Hal asintió y empezó a afinar la guitarra. Pulsaba cada cuerda, escuchaba las notas y después giraba las clavijas en consonancia.
—¿Cuándo? —volví a preguntar, sin dar crédito a que pudiera pensar en el concurso de talentos con todo lo que estaba pasando.
—Pronto —respondió—. Tiene que estar al caer.
Aparté los libros y me senté. Entonces me fijé en su colección de dispensadores de caramelos de Pez. Tenía al menos doscientos, alineados en dos estantes, desde la versión de Wonder Woman hasta la de Paris Hilton.
—¿Te gustan los caramelos Pez? —me preguntó al verme curiosear.
Creyendo que me estaba tomando el pelo, enarqué una ceja. Pero al mirarle a los ojos, me di cuenta de que hablaba totalmente en serio. Esperaba que yo compartiera su pasión, así que, para no herir sus sentimientos, me limité a encogerme de hombros.
—¿Te pasa algo, Nia? —me preguntó al verme tan inquieta—. Está claro que algo te está rondando por la cabeza. ¿Tiene que ver con Amanda?

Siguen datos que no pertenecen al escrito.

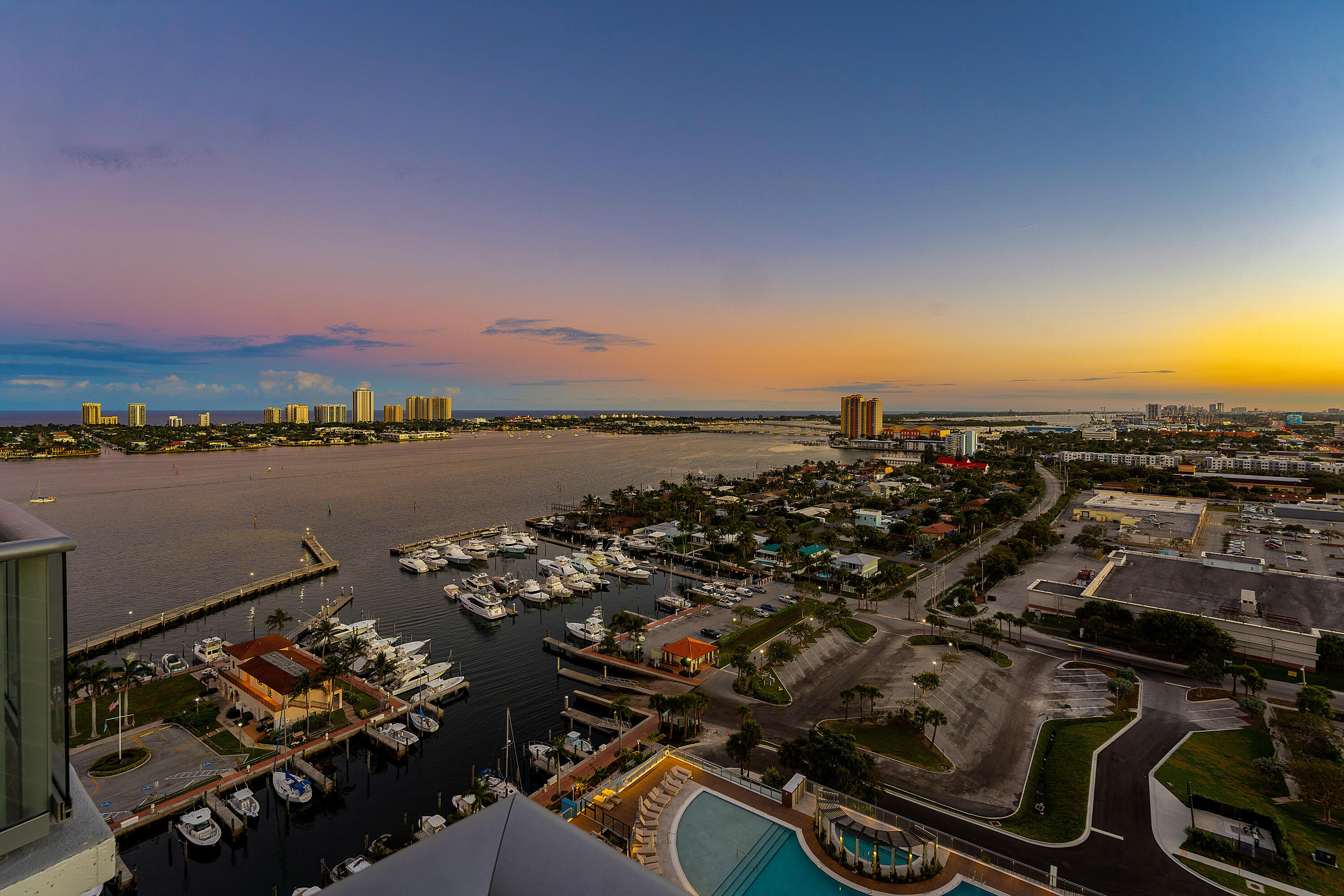 220 Lake Shr #1911 Lake Park, FL 33403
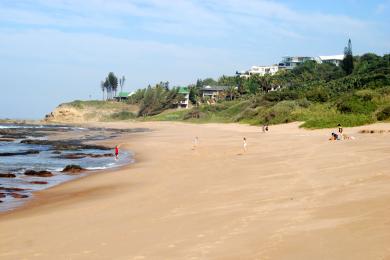 Sandee Sheffield Beach Photo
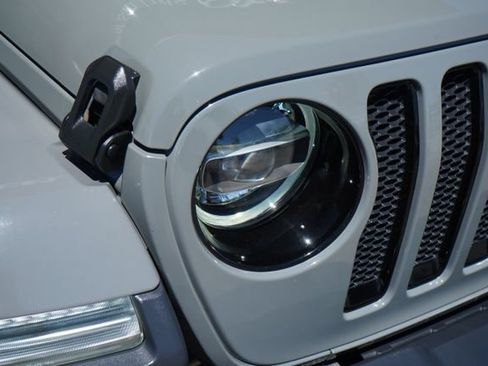 Used 2020 Jeep Wrangler Unlimited Sahara AWD/4WD image 15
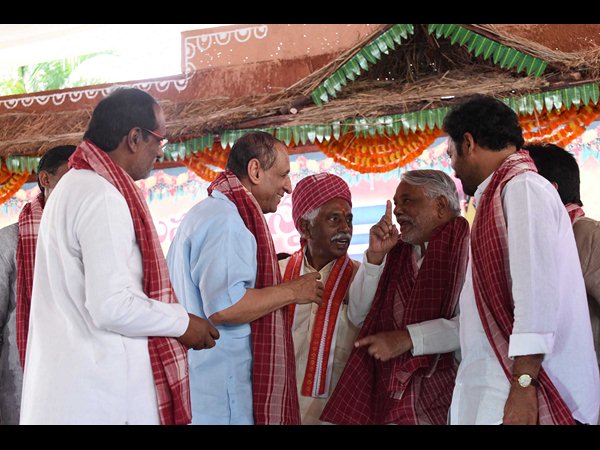 అలయ్ బలయ్ అంటే తెలుసా?: 'దత్తాత్రేయ ప్రజల మనిషి', ప్రధాని మోడీ సందేశం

Puso cara de pena, como si de repente le entristeciera la idea de que yo no quisiera oírle tocar. Me sorprendió comprobar que, al igual que Cisco, Hal también me tenía calada.

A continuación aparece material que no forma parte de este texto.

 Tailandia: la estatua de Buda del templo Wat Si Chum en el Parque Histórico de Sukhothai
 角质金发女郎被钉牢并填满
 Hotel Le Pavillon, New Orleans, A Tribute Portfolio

—Puede esperar hasta que llegue Callie —dije sintiéndome un poco culpable por no mostrar más interés por su música—. ¿Cómo se llama la canción que vas a tocar?
—Confía en mí —dijo, centrándose de nuevo en las cuerdas de su guitarra—. La ha compuesto uno de los chicos de mi grupo.
—Guay, a ver cómo suena —dije intentando mostrar algo de entusiasmo.
Hal siguió afinando las cuerdas un ratillo más y entonces empezó a tocar. Su voz sonaba dulce y solemne al mismo tiempo, pero fue la combinación de la letra, el ritmo y los acordes lo que me puso la piel de gallina.
—Bueno, ¿qué te parece? —preguntó tras tocar la última nota.
Abrí los ojos con desgana, lamentando que la canción hubiera terminado ya.
—Aún tengo que hacerle algunos arreglos —añadió, sentándose en el suelo con la guitarra sobre su regazo.
—Está genial —dije, todavía conmovida por lo que acababa de escuchar.
No lo había dicho por hacerle la pelota: lo creía de verdad.
—¿En serio? —se sorprendió Hal, y su rostro se iluminó de alegría—. Si te soy sincero, es la primera vez que toco a solas para alguien… sin contar a Amanda, claro. Le gustaba escucharme tocar tumbada en el césped mientras miraba el cielo. A veces sacaba su cuaderno y se ponía a escribir o a dibujar. Suena un poco raro, pero.
—En realidad es muy propio de ella.
Hal asintió y siguió jugueteando con las cuerdas.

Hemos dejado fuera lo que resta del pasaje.